Compile and run the program

Compile and run the program. You will get results that show the routing plan and information for the first solution, the initial improved solution, and the solution found after reducing the number of active vehicles. The first solution uses 20 vehicles. The initial improved solution uses 17 vehicles. The solution found after reducing the number of active vehicles uses 16 vehicles.

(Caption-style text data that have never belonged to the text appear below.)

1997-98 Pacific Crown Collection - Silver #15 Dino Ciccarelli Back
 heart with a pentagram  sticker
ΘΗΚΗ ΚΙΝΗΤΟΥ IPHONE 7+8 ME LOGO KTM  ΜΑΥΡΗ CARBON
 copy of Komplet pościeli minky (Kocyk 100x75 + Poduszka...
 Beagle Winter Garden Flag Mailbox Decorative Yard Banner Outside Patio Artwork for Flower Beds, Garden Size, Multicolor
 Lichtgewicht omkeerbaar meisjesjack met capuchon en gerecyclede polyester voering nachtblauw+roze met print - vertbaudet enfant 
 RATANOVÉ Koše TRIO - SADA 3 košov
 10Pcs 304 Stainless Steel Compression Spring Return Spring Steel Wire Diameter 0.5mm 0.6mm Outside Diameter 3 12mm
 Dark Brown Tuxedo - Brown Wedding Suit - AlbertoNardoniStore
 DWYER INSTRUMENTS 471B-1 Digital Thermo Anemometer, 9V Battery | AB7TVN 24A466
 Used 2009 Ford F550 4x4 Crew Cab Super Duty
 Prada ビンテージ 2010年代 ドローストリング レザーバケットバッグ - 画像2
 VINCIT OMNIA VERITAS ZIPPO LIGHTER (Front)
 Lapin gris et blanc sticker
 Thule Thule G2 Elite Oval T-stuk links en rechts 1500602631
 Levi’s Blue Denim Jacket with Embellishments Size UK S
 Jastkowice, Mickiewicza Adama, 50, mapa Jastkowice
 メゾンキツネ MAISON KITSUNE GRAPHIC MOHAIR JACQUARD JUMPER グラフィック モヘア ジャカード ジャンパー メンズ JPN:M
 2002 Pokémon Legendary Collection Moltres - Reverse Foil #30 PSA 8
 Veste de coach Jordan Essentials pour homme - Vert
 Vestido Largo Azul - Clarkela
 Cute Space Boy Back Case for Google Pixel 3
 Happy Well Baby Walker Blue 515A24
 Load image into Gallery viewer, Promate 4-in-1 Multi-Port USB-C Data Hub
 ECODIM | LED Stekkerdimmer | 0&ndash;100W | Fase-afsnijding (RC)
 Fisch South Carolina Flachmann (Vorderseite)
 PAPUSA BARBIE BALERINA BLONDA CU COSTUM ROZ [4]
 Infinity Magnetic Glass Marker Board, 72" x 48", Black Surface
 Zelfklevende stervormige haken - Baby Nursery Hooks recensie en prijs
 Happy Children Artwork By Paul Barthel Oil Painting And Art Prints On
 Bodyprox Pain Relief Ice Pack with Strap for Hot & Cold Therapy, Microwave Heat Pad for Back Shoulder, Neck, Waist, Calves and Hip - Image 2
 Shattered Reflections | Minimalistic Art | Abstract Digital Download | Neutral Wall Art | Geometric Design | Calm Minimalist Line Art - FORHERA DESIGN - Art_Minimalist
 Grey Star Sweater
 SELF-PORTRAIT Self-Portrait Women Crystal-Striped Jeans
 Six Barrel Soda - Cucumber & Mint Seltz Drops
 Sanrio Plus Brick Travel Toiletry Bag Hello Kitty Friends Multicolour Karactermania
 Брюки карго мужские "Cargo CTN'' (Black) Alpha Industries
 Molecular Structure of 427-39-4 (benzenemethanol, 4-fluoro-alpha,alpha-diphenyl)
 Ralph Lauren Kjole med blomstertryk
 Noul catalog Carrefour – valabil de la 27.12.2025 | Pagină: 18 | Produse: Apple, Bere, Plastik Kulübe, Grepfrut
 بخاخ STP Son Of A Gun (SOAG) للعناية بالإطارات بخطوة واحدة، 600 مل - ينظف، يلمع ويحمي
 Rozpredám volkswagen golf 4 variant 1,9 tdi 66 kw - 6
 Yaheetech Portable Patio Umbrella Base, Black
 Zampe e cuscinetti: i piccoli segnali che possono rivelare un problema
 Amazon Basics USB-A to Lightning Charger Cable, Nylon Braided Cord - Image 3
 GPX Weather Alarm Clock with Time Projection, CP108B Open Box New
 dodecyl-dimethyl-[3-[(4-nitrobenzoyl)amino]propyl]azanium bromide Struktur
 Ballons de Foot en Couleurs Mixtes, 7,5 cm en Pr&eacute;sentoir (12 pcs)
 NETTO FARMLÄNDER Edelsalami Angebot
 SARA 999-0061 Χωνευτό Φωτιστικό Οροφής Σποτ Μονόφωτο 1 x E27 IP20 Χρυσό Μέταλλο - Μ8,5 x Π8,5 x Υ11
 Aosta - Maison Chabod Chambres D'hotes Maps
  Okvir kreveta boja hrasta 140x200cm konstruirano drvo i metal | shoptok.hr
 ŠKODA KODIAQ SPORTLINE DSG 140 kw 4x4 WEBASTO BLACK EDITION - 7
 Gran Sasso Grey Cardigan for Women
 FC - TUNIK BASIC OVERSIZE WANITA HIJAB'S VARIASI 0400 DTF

First solution information

The first solution phase finds a solution using 20 vehicles with a total cost of 2554.03 units:

***First Solution***
Number of fails               : 50659
Number of choice points       : 1077
Number of variables           : 5504
Number of constraints         : 881
Reversible stack (bytes)      : 578904
Solver heap (bytes)           : 2504836
Solver global heap (bytes)    : 1187724
And stack (bytes)             : 20124
Or stack (bytes)              : 44244
Search Stack (bytes)          : 4044
Constraint queue (bytes)      : 13164
Total memory used (bytes)     : 4353040
Elapsed time since creation   : 9.483
Number of nodes               : 201
Number of visits              : 300
Number of vehicles            : 50
Number of dimensions          : 2
Number of accepted moves      : 0
===============
Cost         : 2554.03
Number of vehicles used : 20

Improved Solution Information

The solution improvement phase finds a solution using 17 vehicles with a total cost of 2073.11 units-:

***Solution after improvements with nhood***
Number of fails               : 0
Number of choice points       : 0
Number of variables           : 5504
Number of constraints         : 878
Reversible stack (bytes)      : 578904
Solver heap (bytes)           : 2089268
Solver global heap (bytes)    : 1203804
And stack (bytes)             : 20124
Or stack (bytes)              : 44244
Search Stack (bytes)          : 4044
Constraint queue (bytes)      : 35196
Total memory used (bytes)     : 3975584
Elapsed time since creation   : 0.07
Number of nodes               : 201
Number of visits              : 300
Number of vehicles            : 50
Number of dimensions          : 2
Number of accepted moves      : 222
===============
Cost         : 2073.11
Number of vehicles used : 17

Solution information after reducing active vehicles

After solution improvement, vehicle 20 has the fewest number of visits. (See the section "Complete Output".) The reduceActiveVehicles function empties vehicle 20, assigns its visits to other vehicles, and improves the solution. Now, vehicle 7 has the fewest number of visits. The reduceActiveVehicles function empties vehicle 7, tries to assign its visits to other vehicles, but is not able to do so. The last solution found is restored. The solution after reducing active vehicles uses 16 vehicles with a total cost of 2072.93 units:

Emptying vehicle20 ...
Improving solution
Emptying vehicle7 ...
Improving solution
***Solution after reducing active vehicles***
Number of fails               : 0
Number of choice points       : 0
Number of variables           : 5504
Number of constraints         : 917
Reversible stack (bytes)      : 578904
Solver heap (bytes)           : 2089592
Solver global heap (bytes)    : 1207824
And stack (bytes)             : 20124
Or stack (bytes)              : 44244
Search Stack (bytes)          : 4044
Constraint queue (bytes)      : 35196
Total memory used (bytes)     : 3979928
Elapsed time since creation   : 0.061
Number of nodes               : 201
Number of visits              : 300
Number of vehicles            : 50
Number of dimensions          : 2
Number of accepted moves      : 238
===============
Cost         : 2072.93
Number of vehicles used : 16

The complete program and output are listed in "Complete Program". You can also view it online in the YourDispatcherHome/examples/src/minvehcl.cpp file.